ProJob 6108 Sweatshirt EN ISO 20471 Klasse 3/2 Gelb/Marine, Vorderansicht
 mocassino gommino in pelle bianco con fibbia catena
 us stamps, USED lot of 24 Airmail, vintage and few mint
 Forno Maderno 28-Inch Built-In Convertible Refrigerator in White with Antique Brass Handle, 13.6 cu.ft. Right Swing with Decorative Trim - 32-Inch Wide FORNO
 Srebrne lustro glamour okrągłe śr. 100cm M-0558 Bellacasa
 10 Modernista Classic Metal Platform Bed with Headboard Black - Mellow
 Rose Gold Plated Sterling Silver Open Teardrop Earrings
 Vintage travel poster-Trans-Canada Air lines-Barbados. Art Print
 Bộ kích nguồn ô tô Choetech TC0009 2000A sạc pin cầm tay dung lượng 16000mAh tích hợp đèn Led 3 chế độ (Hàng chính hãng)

========================================================================

## REQUIREMENT
I would like the records restated exactly, with every line intact.

## RESULT FOR THIS TASK
ProJob 6108 Sweatshirt EN ISO 20471 Klasse 3/2 Gelb/Marine, Vorderansicht
 mocassino gommino in pelle bianco con fibbia catena
 us stamps, USED lot of 24 Airmail, vintage and few mint
 Forno Maderno 28-Inch Built-In Convertible Refrigerator in White with Antique Brass Handle, 13.6 cu.ft. Right Swing with Decorative Trim - 32-Inch Wide FORNO
 Srebrne lustro glamour okrągłe śr. 100cm M-0558 Bellacasa
 10 Modernista Classic Metal Platform Bed with Headboard Black - Mellow
 Rose Gold Plated Sterling Silver Open Teardrop Earrings
 Vintage travel poster-Trans-Canada Air lines-Barbados. Art Print
 Bộ kích nguồn ô tô Choetech TC0009 2000A sạc pin cầm tay dung lượng 16000mAh tích hợp đèn Led 3 chế độ (Hàng chính hãng)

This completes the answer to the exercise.